3 Simple Ways To Turn Regular Chaos Into Organized Chaos In 2019
Brought to you in partnership with Adobe Document Cloud.
Life isn’t always easy. In fact, it rarely is. We all know that. Life is the messy thing that gets in the way of all of the awesome stuff we promise ourselves we’re going to do every New Year as the clock strikes midnight. For me, this year is an entirely different monster to tackle. Within the span of one week during the fall, I got engaged and found out that my now-fiance and I needed to move to the Midwest for his job. We currently live in Connecticut, so this move has been a terribly hard pill to swallow for me (a through-and-through Nutmegger). Our careers are both the busiest they’ve ever been, and with a move halfway across the country looming and a wedding to begin planning, I’ve accepted that this year is going to be one full of change, and the changes are going to be significant enough that I may need to put a few new systems in place to keep things running as smoothly as they’ll need to run.
I’m not exactly an organizational disaster, but I’ve never really been a natural planner — and truly, I’d bet good money that a lot of you are the same way. It doesn’t come naturally to most people to keep every piece of their lives in perfect order; we often need tools to help us keep all of the important stuff in place so we can move through the murky waters of life in the most organized and efficient way possible. So, in partnership with Adobe Document Cloud, I wanted to share the strategies I’ll be using this year. In short, I’ll be taking myself on a journey to turn actual chaos into more palatable, neat-and-organized chaos in 2019 using this three-step method to keep my life calm, cool, and collected during a period of time that should be anything but.
1. Practice Goal Inception
Having a big goal is great — but having a goal within a goal within a goal is somehow so much more organized and achievable.
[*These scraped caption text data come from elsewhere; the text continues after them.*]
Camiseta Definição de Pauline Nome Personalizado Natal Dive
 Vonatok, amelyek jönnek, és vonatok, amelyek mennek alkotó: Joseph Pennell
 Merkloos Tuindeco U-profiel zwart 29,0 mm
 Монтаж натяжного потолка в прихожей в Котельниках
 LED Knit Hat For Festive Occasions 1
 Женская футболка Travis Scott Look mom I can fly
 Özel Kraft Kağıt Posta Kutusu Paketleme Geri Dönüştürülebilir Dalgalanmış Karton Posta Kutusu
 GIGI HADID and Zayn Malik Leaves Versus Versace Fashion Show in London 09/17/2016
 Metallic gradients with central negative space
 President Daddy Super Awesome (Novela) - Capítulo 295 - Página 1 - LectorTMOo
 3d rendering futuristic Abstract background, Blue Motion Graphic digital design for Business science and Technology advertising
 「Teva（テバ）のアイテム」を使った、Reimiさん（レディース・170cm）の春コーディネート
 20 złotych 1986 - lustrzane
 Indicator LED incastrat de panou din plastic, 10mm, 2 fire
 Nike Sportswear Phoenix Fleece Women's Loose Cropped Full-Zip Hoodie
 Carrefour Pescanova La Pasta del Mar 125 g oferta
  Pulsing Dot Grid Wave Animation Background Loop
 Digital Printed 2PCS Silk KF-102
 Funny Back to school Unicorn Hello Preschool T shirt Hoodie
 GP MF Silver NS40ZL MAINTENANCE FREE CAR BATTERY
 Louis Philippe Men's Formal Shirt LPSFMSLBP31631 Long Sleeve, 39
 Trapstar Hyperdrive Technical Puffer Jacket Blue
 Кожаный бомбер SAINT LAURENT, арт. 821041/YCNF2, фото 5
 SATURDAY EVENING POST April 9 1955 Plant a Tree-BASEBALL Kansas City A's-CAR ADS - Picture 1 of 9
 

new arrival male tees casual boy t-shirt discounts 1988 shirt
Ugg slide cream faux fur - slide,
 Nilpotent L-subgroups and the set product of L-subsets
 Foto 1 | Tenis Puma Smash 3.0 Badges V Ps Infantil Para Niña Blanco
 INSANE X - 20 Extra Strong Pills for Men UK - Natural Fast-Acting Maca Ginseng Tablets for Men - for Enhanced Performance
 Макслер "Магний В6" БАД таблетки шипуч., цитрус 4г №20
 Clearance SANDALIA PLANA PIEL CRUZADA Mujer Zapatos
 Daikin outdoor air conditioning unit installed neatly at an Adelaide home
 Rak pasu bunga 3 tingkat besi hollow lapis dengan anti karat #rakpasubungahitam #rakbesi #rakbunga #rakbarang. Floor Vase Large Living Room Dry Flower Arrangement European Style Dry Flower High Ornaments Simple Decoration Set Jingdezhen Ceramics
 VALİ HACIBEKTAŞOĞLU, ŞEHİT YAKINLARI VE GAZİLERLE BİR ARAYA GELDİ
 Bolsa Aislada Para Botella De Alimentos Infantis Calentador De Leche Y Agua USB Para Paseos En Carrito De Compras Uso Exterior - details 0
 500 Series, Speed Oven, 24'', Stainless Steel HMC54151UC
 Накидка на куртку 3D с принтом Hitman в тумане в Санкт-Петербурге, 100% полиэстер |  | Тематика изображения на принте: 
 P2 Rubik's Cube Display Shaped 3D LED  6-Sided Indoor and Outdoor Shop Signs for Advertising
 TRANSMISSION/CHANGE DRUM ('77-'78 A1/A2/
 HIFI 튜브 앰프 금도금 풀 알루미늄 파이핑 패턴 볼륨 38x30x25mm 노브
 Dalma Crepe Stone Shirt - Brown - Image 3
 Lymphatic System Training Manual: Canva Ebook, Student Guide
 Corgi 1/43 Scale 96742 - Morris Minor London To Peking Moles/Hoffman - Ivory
Taking tiny chips out of big scary goals and taking it slow is the way it’ll get done most effectively. Example: when moving cross-country, you quickly realize that you just can’t take all of your stuff — it’s just far too inconvenient. We found out that we were moving west back in November, and I started pretty much immediately diving into the planning and decluttering I knew I’d need to get done before our move in June. Seven months feels like a lot of time to accomplish something, but the fact of the matter is that you’re probably going to do a messy, ineffective job reaching your goal if you try to do it all at once. Create your organized plan of attack in the form of mini-goals that you have to hit along the way to the finish line. Make a list of every stop you need to make along the way to achieving the overarching goal, and go from there.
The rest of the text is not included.